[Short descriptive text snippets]
______
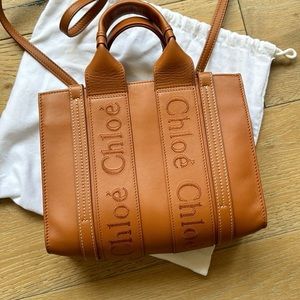 Chloe Small Woody Tote Bag Leather Caramel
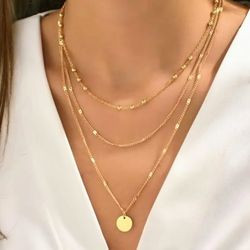 Triple Strain Gold Plated Necklace 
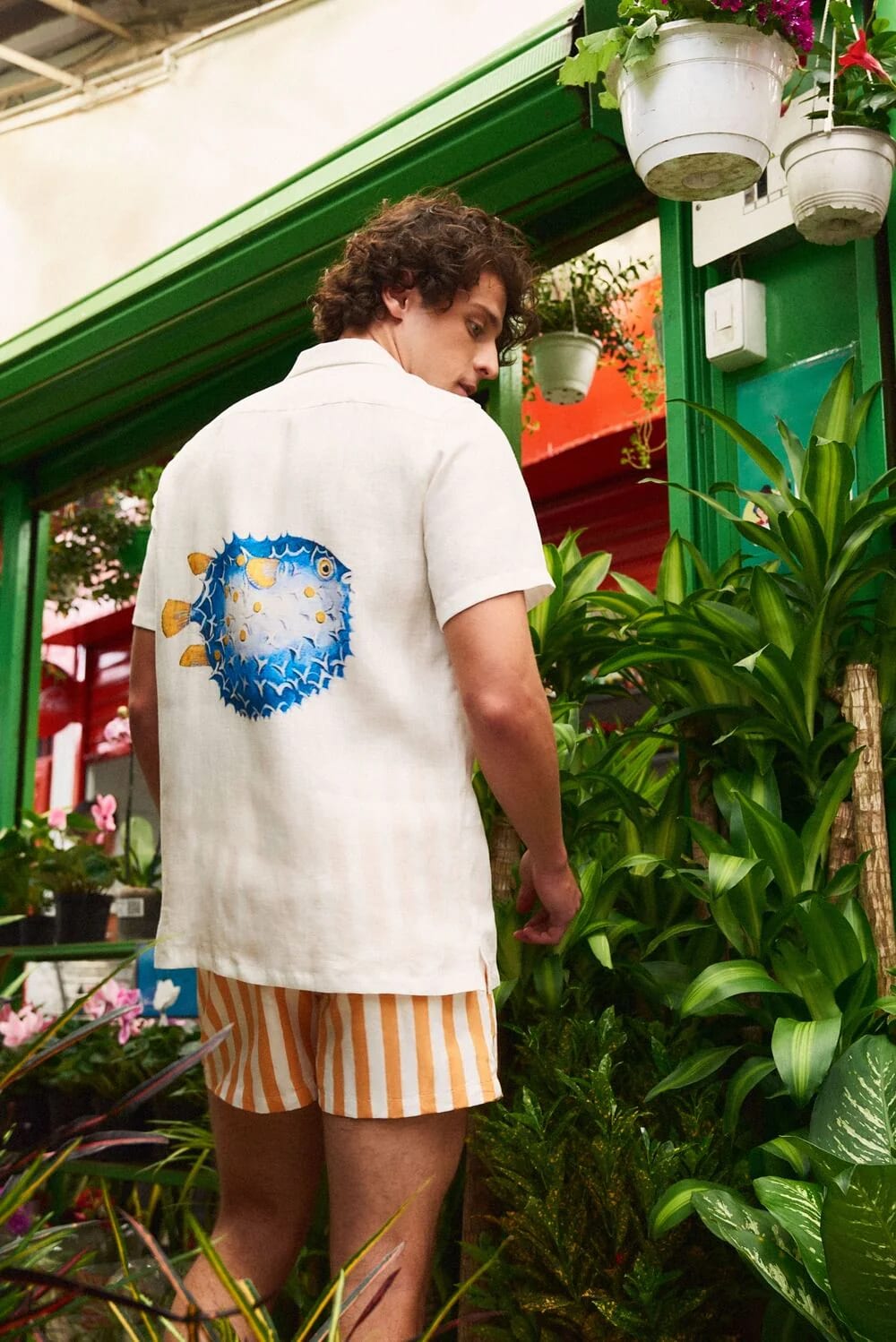 Men's linen shirt puffer fish - imagen 4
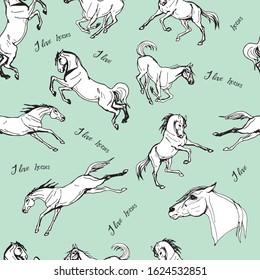 vectorized seamless monochrome background of silhouettes of galloping horses on a colored background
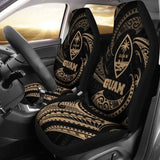 Guam Polynesian Car Seat Covers - Gold Tribal Wave - 105905 - YourCarButBetter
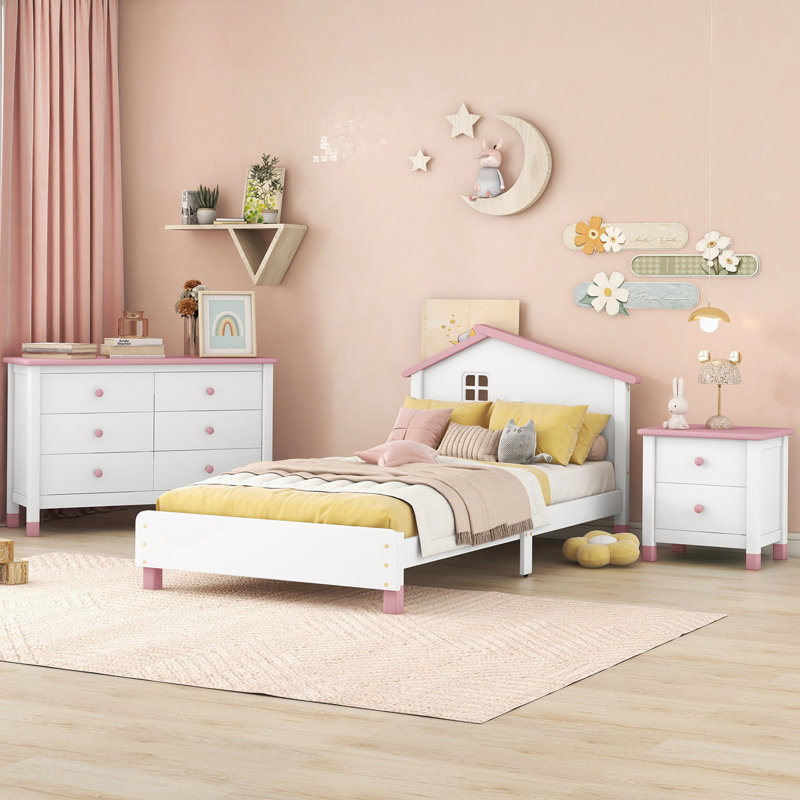 Ensemble de chambre à coucher 3 pièces avec table de chevet et commode Halaya, Simple, Blanc/rose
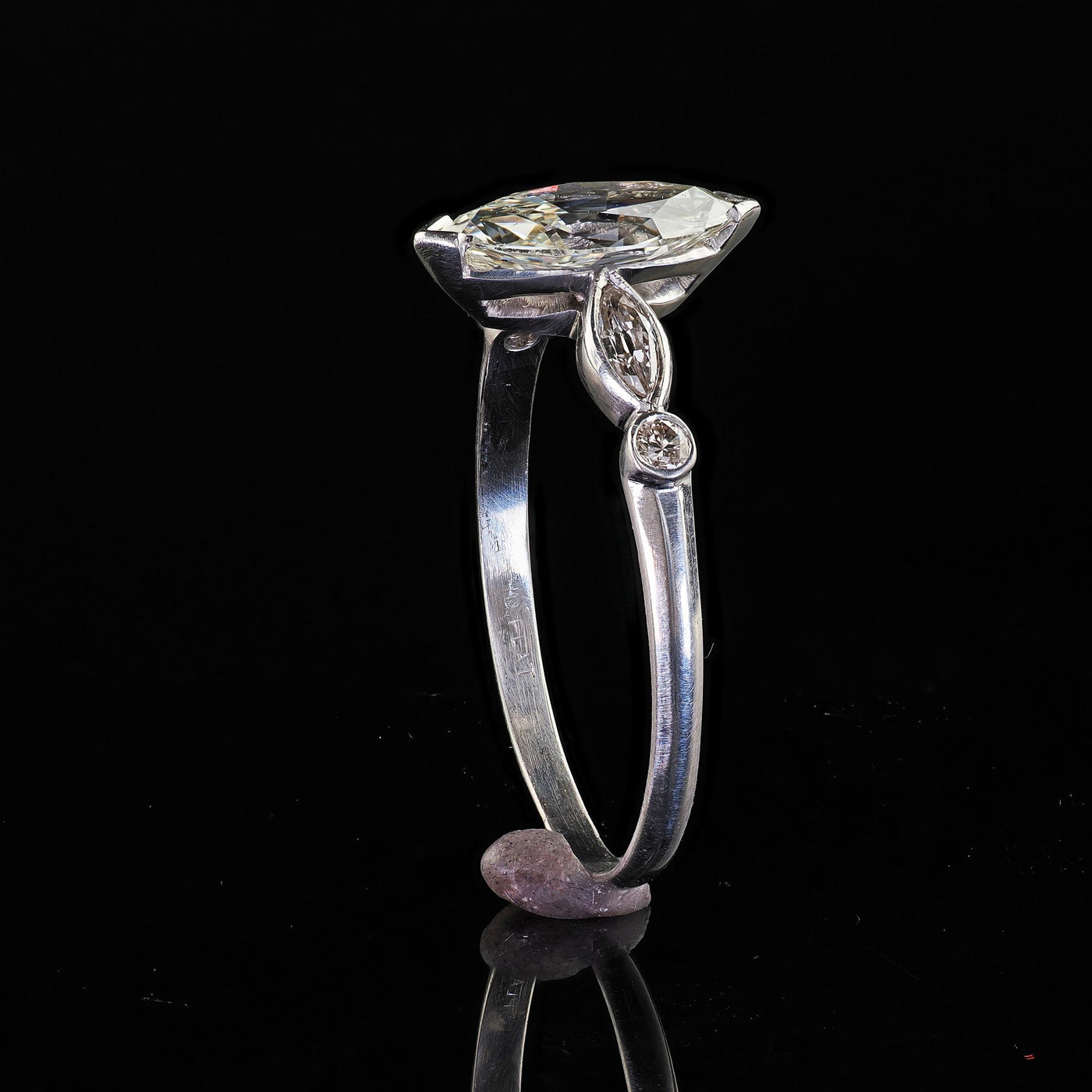 Antique Art Deco Platinum Old Marquise Cut Diamond Engagement Ring - GIA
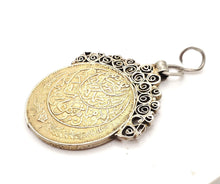 Load image into Gallery viewer, Antique Yemen Rare silver coin  traditional Pendant, Hand Crafted Silver,Pendants Necklace,coin Jewelry,Tribal Jewelry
______
• **TRY IT**
Pictures aside, restate the entries word for word.

• **WRITTEN SOLUTION**
 Chloe Small Woody Tote Bag Leather Caramel
 Triple Strain Gold Plated Necklace 
 Men's linen shirt puffer fish - imagen 4
 vectorized seamless monochrome background of silhouettes of galloping horses on a colored background
 Guam Polynesian Car Seat Covers - Gold Tribal Wave - 105905 - YourCarButBetter
 Ensemble de chambre à coucher 3 pièces avec table de chevet et commode Halaya, Simple, Blanc/rose
 Antique Art Deco Platinum Old Marquise Cut Diamond Engagement Ring - GIA
 Load image into Gallery viewer, Antique Yemen Rare silver coin  traditional Pendant, Hand Crafted Silver,Pendants Necklace,coin Jewelry,Tribal Jewelry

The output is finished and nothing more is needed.